DATA:

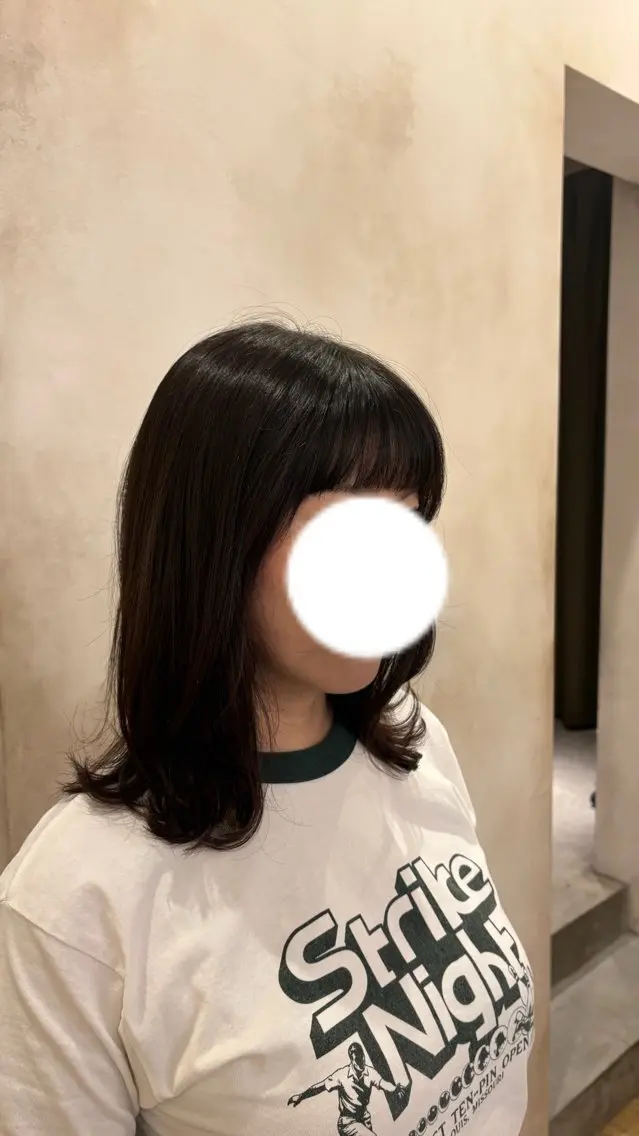 ミディアム 外ハネヘア MAHAE 中司のヘアスタイル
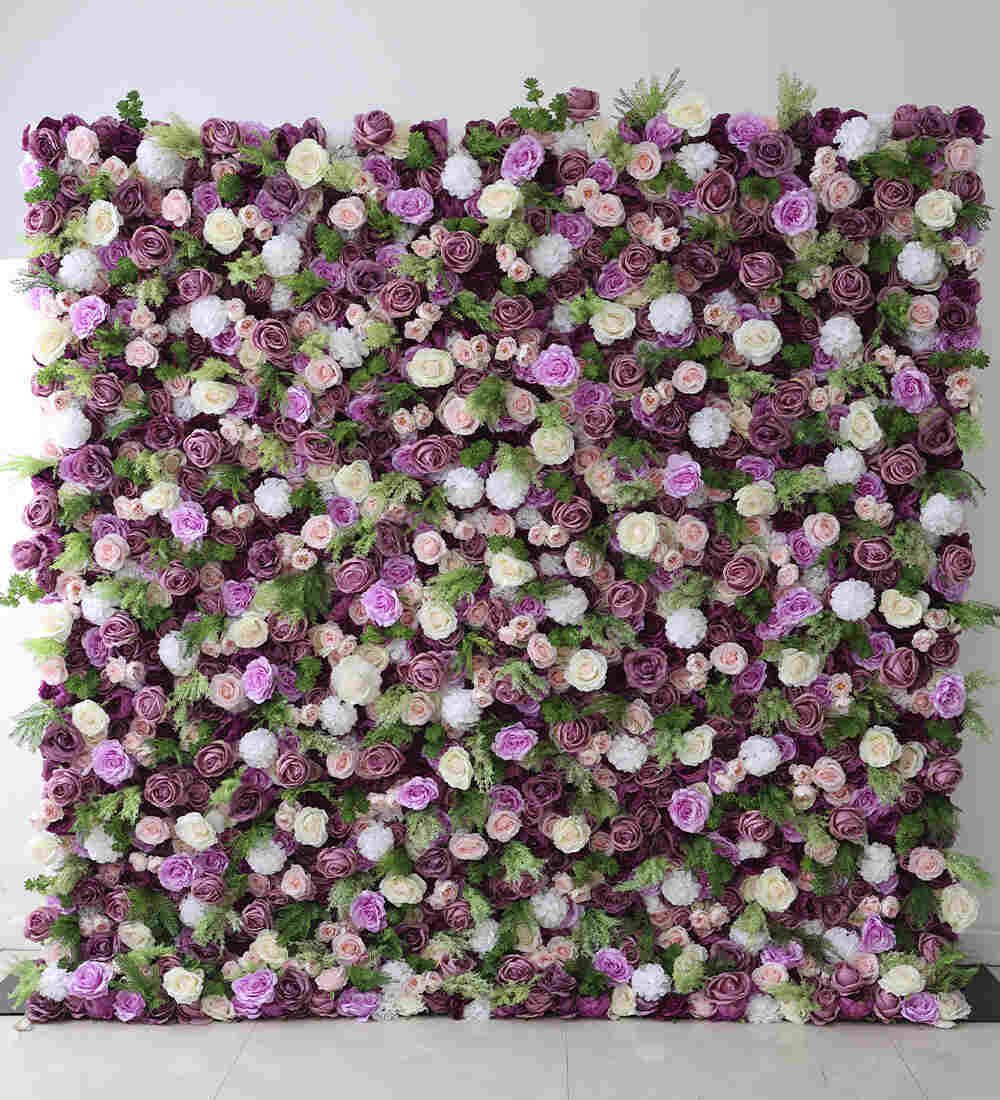 Purple, lilac and white flower wall rental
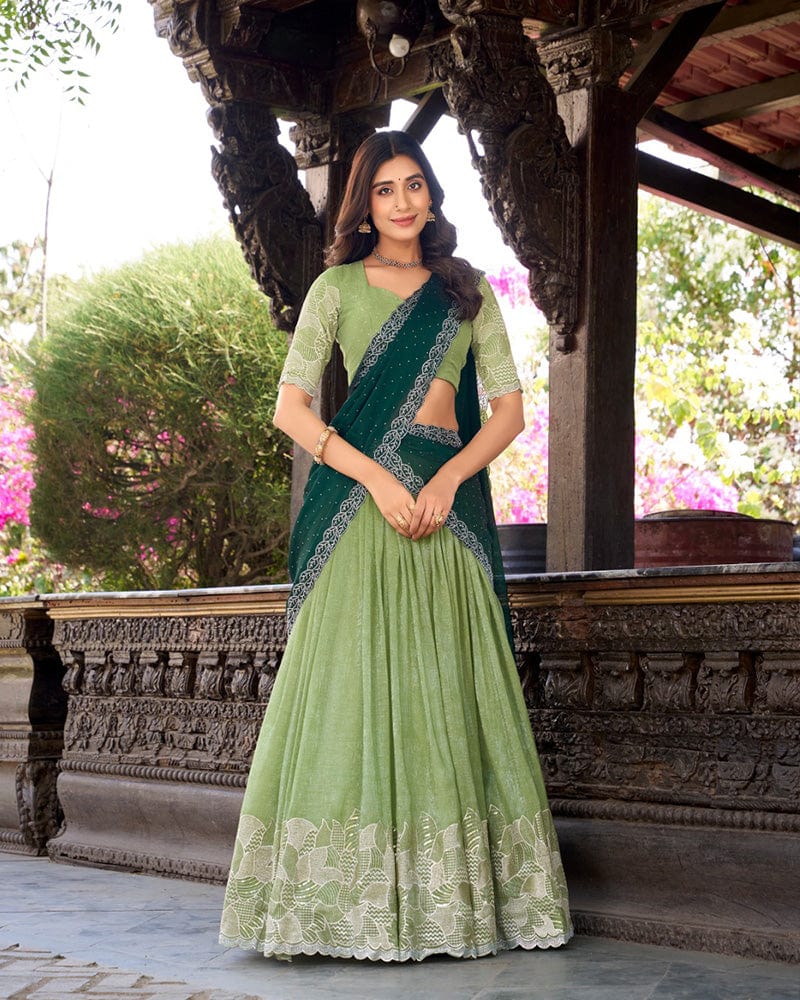 Pista Color Silver Glossy Embroidered Lehenga Choli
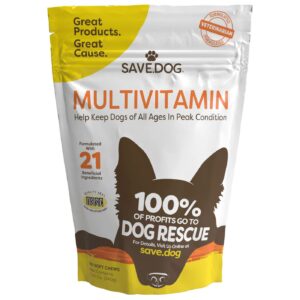 save.dog chewable dog multivitamin - dog vitamins and supplements – with amino acids and antioxidants to support immunity energy and wellness - dog supplement with a cause (60 chews)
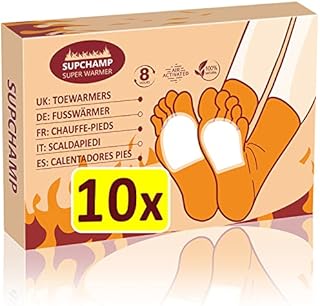 Supchamp Toe Warmers - 10 or 40 Pairs - Foot Warmers Adhesive Disposable - Heat Pads for Feet - Hand Feet Warmers for Women Men 8 Hours Safe Heat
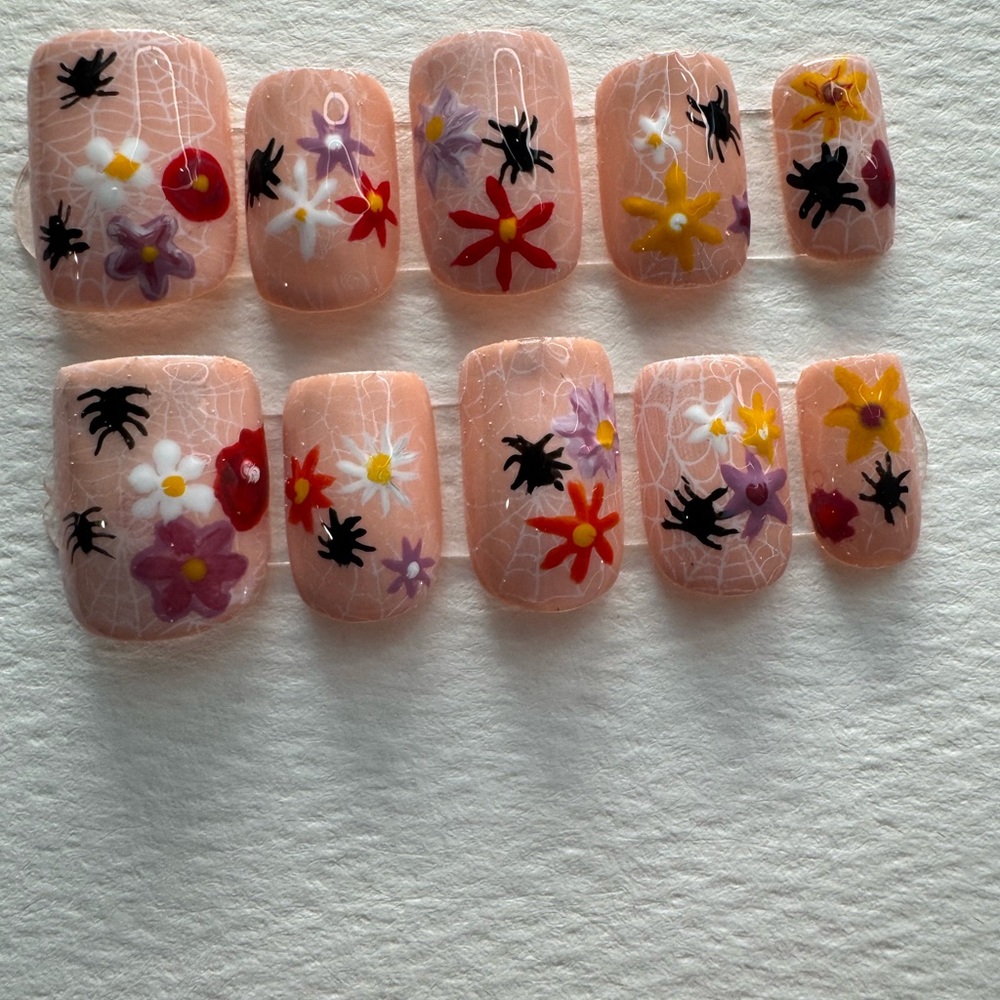 Floral and Spiderweb Aprés gel-x hand painted custom press on set.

WORK REQUIRED:
Leaving pictures aside, write out each record above exactly as given.

COMPLETED EXERCISE:
 ミディアム 外ハネヘア MAHAE 中司のヘアスタイル
 Purple, lilac and white flower wall rental
 Pista Color Silver Glossy Embroidered Lehenga Choli
 save.dog chewable dog multivitamin - dog vitamins and supplements – with amino acids and antioxidants to support immunity energy and wellness - dog supplement with a cause (60 chews)
 Supchamp Toe Warmers - 10 or 40 Pairs - Foot Warmers Adhesive Disposable - Heat Pads for Feet - Hand Feet Warmers for Women Men 8 Hours Safe Heat
 Floral and Spiderweb Aprés gel-x hand painted custom press on set.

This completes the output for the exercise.